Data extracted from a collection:
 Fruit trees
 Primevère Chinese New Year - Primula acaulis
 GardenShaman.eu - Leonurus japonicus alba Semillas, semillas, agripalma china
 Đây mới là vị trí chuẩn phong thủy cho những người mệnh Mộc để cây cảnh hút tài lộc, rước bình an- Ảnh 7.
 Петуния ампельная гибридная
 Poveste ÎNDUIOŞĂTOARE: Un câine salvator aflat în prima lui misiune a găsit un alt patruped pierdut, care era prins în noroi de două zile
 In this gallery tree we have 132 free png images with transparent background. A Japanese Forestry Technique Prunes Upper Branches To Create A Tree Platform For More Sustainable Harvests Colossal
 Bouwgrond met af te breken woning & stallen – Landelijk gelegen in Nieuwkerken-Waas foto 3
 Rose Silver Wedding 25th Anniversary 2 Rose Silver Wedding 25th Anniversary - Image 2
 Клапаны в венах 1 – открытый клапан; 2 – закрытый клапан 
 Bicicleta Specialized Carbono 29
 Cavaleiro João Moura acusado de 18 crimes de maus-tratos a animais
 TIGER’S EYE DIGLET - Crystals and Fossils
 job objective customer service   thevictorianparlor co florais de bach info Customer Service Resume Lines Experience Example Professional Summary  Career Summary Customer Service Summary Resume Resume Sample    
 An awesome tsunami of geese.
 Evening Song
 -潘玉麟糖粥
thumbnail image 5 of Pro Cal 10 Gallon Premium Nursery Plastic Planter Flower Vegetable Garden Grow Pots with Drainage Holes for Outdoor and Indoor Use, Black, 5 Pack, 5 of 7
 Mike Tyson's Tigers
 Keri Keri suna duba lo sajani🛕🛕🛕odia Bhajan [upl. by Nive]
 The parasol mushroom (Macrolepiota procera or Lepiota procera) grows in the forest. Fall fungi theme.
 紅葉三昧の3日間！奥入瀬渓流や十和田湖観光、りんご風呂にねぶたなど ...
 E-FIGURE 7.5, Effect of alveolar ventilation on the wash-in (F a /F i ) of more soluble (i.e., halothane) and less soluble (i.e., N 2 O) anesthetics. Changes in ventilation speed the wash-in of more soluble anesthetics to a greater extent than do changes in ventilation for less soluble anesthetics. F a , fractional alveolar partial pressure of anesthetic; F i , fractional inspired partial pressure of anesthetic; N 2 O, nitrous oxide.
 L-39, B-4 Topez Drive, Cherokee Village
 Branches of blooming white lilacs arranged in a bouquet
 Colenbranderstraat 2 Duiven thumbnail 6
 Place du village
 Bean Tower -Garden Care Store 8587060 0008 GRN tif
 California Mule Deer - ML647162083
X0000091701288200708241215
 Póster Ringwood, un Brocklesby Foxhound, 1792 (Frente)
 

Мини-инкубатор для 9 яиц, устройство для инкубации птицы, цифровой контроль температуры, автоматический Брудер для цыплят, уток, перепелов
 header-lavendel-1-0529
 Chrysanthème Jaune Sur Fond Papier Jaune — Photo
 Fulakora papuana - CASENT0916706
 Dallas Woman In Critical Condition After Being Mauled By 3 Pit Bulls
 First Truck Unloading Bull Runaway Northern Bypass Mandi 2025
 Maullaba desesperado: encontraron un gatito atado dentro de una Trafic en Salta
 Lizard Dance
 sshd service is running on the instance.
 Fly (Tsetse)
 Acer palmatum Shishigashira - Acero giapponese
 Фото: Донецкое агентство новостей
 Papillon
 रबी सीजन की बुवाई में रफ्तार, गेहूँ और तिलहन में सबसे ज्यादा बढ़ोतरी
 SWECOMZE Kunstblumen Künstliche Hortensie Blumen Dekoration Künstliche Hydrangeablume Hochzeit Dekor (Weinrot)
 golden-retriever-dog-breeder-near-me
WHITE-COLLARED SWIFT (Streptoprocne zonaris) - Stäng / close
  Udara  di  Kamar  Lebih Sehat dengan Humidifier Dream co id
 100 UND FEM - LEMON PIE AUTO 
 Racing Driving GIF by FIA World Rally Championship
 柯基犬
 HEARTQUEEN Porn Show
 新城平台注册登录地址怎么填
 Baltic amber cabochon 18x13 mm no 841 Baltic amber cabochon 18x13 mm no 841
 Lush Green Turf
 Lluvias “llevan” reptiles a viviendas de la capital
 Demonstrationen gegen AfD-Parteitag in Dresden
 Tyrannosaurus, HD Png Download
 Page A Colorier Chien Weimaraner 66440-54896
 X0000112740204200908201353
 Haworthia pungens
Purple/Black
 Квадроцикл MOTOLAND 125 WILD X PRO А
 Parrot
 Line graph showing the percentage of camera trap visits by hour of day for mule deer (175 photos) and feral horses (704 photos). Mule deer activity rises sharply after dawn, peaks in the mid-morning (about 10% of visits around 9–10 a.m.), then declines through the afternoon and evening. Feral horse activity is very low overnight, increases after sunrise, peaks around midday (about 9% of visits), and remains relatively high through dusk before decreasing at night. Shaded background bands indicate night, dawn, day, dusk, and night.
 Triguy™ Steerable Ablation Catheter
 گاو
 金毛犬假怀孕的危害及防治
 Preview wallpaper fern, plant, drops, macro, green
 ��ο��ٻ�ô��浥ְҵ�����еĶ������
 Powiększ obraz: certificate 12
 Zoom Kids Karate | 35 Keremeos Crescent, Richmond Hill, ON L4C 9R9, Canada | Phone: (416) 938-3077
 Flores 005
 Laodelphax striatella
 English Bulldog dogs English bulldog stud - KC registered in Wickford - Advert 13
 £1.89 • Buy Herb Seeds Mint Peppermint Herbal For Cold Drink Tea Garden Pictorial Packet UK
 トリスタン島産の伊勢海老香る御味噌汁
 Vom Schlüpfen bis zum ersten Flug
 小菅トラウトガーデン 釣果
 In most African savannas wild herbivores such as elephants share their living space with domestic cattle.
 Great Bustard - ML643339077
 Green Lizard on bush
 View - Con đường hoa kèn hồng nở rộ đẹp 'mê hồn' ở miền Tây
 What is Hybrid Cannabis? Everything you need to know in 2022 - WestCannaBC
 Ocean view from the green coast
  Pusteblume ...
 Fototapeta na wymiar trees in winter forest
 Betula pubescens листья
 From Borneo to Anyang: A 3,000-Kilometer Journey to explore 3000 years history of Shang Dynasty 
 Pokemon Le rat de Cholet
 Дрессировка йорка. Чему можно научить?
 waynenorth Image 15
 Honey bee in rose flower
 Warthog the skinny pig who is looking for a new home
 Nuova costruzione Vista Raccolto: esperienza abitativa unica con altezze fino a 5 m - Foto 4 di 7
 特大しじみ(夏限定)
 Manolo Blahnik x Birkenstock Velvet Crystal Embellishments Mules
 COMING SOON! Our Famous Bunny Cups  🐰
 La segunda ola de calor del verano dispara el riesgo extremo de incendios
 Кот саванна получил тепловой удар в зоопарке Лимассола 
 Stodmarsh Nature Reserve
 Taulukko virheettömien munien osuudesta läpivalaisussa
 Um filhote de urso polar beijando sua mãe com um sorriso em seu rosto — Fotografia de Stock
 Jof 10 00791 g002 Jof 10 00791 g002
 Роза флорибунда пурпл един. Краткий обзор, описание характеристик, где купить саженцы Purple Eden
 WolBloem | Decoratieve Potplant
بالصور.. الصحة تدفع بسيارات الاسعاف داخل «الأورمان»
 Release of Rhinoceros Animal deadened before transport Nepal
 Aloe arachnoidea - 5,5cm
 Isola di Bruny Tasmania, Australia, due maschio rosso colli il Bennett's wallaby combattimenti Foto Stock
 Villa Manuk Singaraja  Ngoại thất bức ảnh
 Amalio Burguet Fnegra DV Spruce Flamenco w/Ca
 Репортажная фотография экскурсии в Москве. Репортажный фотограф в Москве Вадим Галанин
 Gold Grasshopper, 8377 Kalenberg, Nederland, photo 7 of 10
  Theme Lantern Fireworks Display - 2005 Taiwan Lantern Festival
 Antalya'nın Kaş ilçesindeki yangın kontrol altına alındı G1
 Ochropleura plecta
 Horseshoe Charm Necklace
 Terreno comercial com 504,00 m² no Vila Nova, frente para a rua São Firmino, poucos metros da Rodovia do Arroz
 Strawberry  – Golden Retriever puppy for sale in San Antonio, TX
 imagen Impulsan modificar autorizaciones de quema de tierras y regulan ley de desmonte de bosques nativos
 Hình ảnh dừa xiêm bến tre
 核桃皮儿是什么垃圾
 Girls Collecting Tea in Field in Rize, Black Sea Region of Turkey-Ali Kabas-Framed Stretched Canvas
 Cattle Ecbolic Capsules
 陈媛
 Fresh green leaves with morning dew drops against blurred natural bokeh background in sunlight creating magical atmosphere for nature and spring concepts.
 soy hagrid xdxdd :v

■ **WORK INSTRUCTIONS**
Could you retype exactly the lines from the first one of the records through the line containing "Branches of blooming", both included, and nothing more?

■ **THE COMPLETED TASK**
 Fruit trees
 Primevère Chinese New Year - Primula acaulis
 GardenShaman.eu - Leonurus japonicus alba Semillas, semillas, agripalma china
 Đây mới là vị trí chuẩn phong thủy cho những người mệnh Mộc để cây cảnh hút tài lộc, rước bình an- Ảnh 7.
 Петуния ампельная гибридная
 Poveste ÎNDUIOŞĂTOARE: Un câine salvator aflat în prima lui misiune a găsit un alt patruped pierdut, care era prins în noroi de două zile
 In this gallery tree we have 132 free png images with transparent background. A Japanese Forestry Technique Prunes Upper Branches To Create A Tree Platform For More Sustainable Harvests Colossal
 Bouwgrond met af te breken woning & stallen – Landelijk gelegen in Nieuwkerken-Waas foto 3
 Rose Silver Wedding 25th Anniversary 2 Rose Silver Wedding 25th Anniversary - Image 2
 Клапаны в венах 1 – открытый клапан; 2 – закрытый клапан 
 Bicicleta Specialized Carbono 29
 Cavaleiro João Moura acusado de 18 crimes de maus-tratos a animais
 TIGER’S EYE DIGLET - Crystals and Fossils
 job objective customer service   thevictorianparlor co florais de bach info Customer Service Resume Lines Experience Example Professional Summary  Career Summary Customer Service Summary Resume Resume Sample    
 An awesome tsunami of geese.
 Evening Song
 -潘玉麟糖粥
thumbnail image 5 of Pro Cal 10 Gallon Premium Nursery Plastic Planter Flower Vegetable Garden Grow Pots with Drainage Holes for Outdoor and Indoor Use, Black, 5 Pack, 5 of 7
 Mike Tyson's Tigers
 Keri Keri suna duba lo sajani🛕🛕🛕odia Bhajan [upl. by Nive]
 The parasol mushroom (Macrolepiota procera or Lepiota procera) grows in the forest. Fall fungi theme.
 紅葉三昧の3日間！奥入瀬渓流や十和田湖観光、りんご風呂にねぶたなど ...
 E-FIGURE 7.5, Effect of alveolar ventilation on the wash-in (F a /F i ) of more soluble (i.e., halothane) and less soluble (i.e., N 2 O) anesthetics. Changes in ventilation speed the wash-in of more soluble anesthetics to a greater extent than do changes in ventilation for less soluble anesthetics. F a , fractional alveolar partial pressure of anesthetic; F i , fractional inspired partial pressure of anesthetic; N 2 O, nitrous oxide.
 L-39, B-4 Topez Drive, Cherokee Village
 Branches of blooming white lilacs arranged in a bouquet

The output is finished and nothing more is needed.